• **THE TASK**: Once the line containing "Thành phố Hồ" is found in the records below, return it and each following line exactly, up to and including the line containing "VENTA CASA FIN", and nothing else.

• **DATA EXTRACTS**:
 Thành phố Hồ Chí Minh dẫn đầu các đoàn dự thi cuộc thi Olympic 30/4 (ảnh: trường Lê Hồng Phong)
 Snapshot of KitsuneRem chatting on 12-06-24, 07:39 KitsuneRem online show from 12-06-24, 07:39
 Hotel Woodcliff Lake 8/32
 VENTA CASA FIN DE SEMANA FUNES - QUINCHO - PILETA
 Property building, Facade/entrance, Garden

--

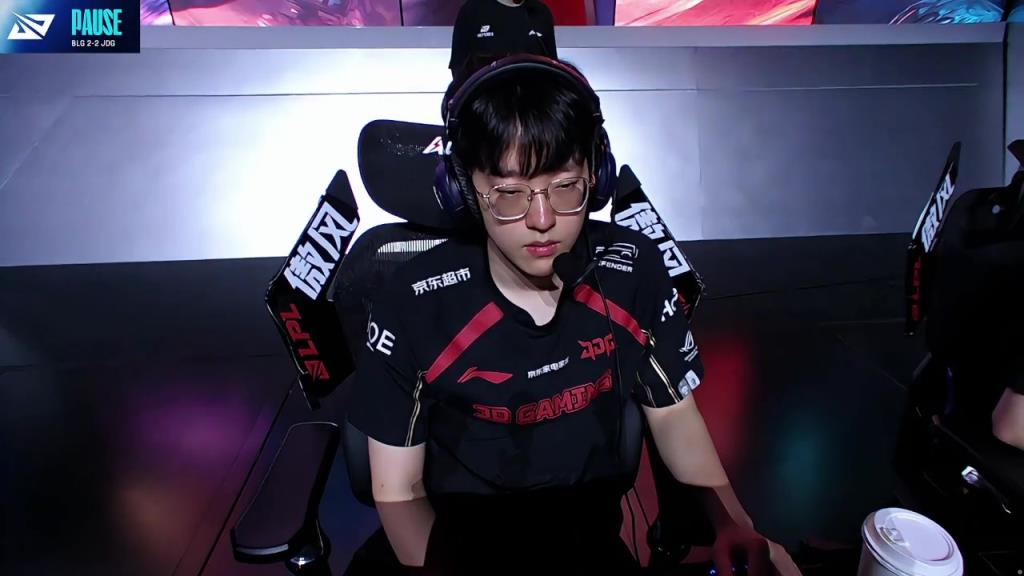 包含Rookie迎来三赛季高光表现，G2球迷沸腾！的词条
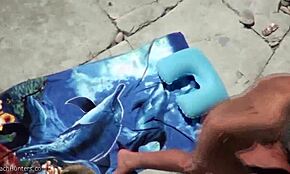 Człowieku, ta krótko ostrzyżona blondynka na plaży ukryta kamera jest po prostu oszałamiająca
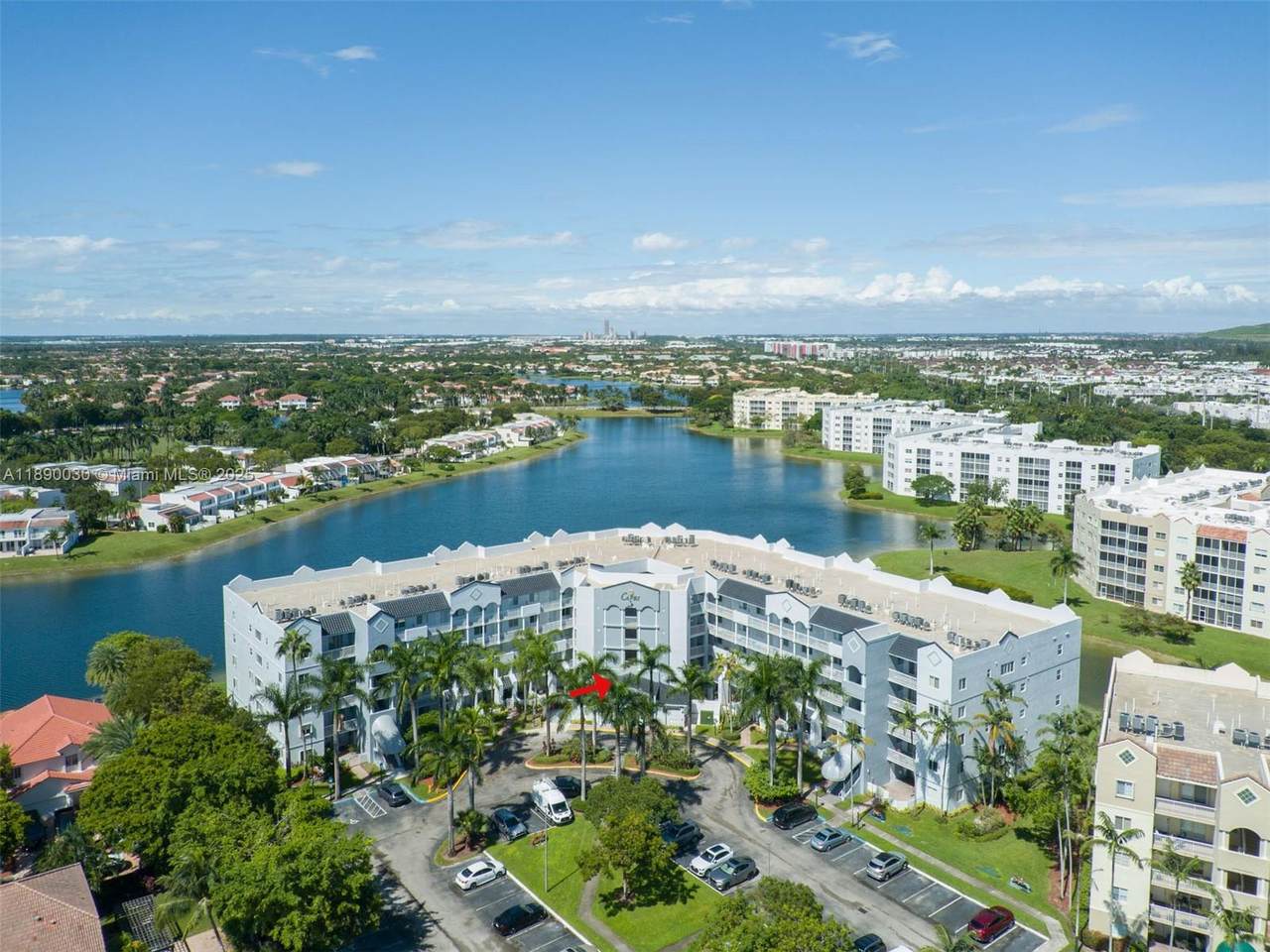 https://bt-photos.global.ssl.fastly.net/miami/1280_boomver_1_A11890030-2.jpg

• **ANSWER TO THE EXERCISE**:
 Thành phố Hồ Chí Minh dẫn đầu các đoàn dự thi cuộc thi Olympic 30/4 (ảnh: trường Lê Hồng Phong)
 Snapshot of KitsuneRem chatting on 12-06-24, 07:39 KitsuneRem online show from 12-06-24, 07:39
 Hotel Woodcliff Lake 8/32
 VENTA CASA FIN DE SEMANA FUNES - QUINCHO - PILETA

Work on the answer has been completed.